So, at work I work with some scientists in a field that rhymes with shmooclear shmisics. These people are very smart application scientists, but definitely not computer scientists. I love them because as long as they exist, I will always have a job. They write pretty miserable code, because that's really not their thing. They just want to do the science.
Half of my job with them is improving their code, but more importantly (if I want my efforts to not be wasted), I spend a lot of time developing a working relationship with them. You see, they are a kind of insular community, and don't generally trust some "hot shot" outsider who doesn't know the science. But I have been able to do a few simple things that have drastically improved the performance of their codes, so I think we are getting somewhere.
Most recently, I was profiling one of their codes, and discovered that it spent more than 50% of its time sorting. I looked at their sorting algorithm and saw that it was some homebrew sorting algorithm that was kind of like bubble sort (with computational complexity order N2, or the worst possible performance without doing something completely stupid). My guess is, they didn't know that some smart computer scientists had thought a lot about sorting algorithms and developed smart ways to sort; they probably just thought of how they would sort things and implemented that. So I replaced their Frankenstein sort with a heapsort algorithm (worst-case complexity N log N) and the sorting became an insignificant portion of the total runtime. Then, I showed my primary collaborator what I had done, and they discussed it in a meeting the next week. As it turned out, nobody knew why it was sorting; it was some legacy of an abandoned algorithm.
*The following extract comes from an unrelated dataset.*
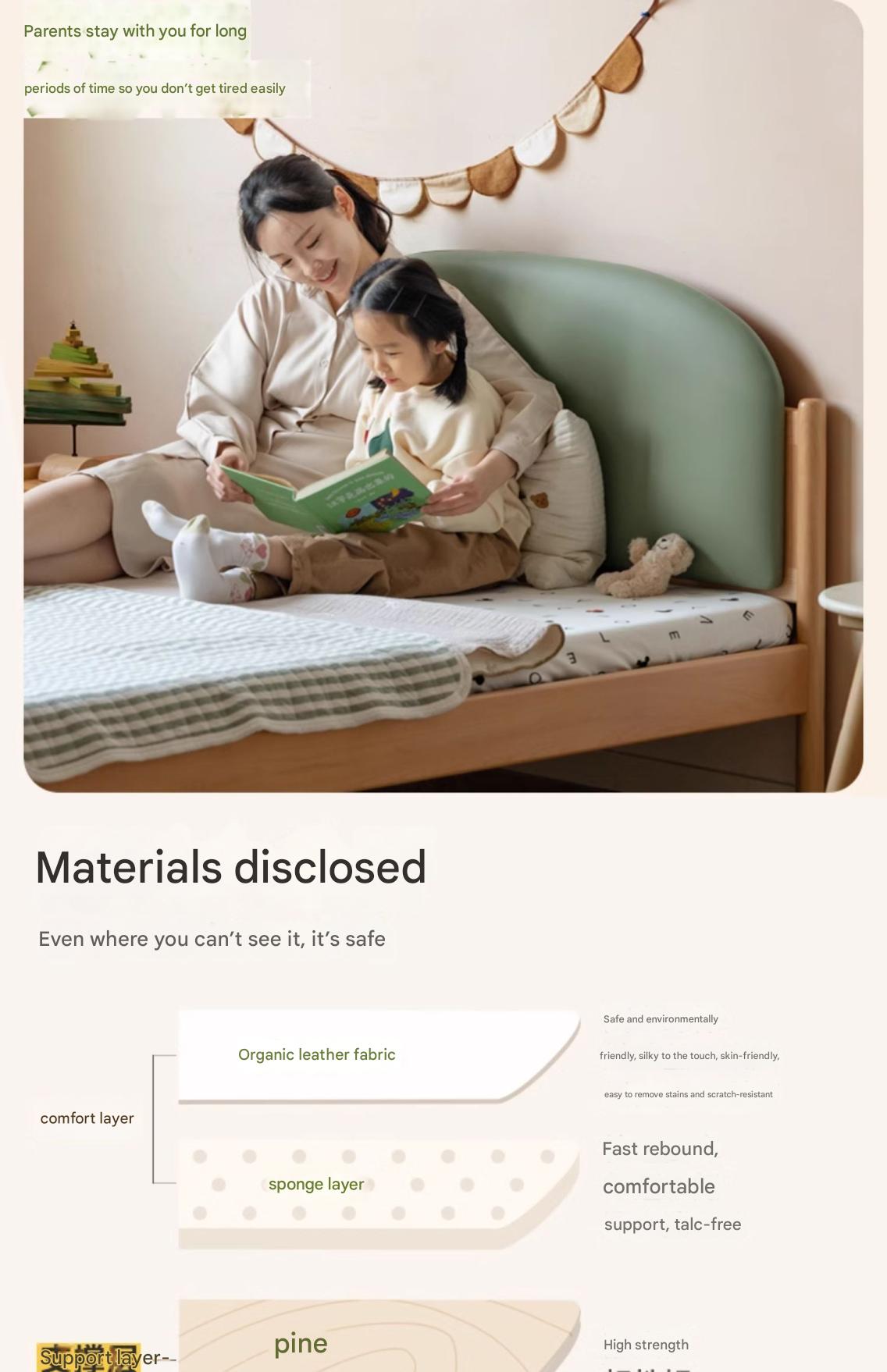 Organic Solid Wood Children's Bed - Birch & Beech Frame with Premium Leather Accents | Safe, Non-Toxic Toddler Bed for Nursery, Bedroom & Montessori Rooms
I removed the sorting altogether and am in the process of doing a little benchmarking study.
It was pretty amazing, though, that this piece of code that nobody realized was being executed was taking up more than 50% of the test problem runtime, and more than 20% of the benchmark problem runtime!
The next bottleneck in their code is the I/O. They are reading the input in a very unintelligent way (all the processors opening the same file and reading it), so I plan to fix that for them when I get the chance.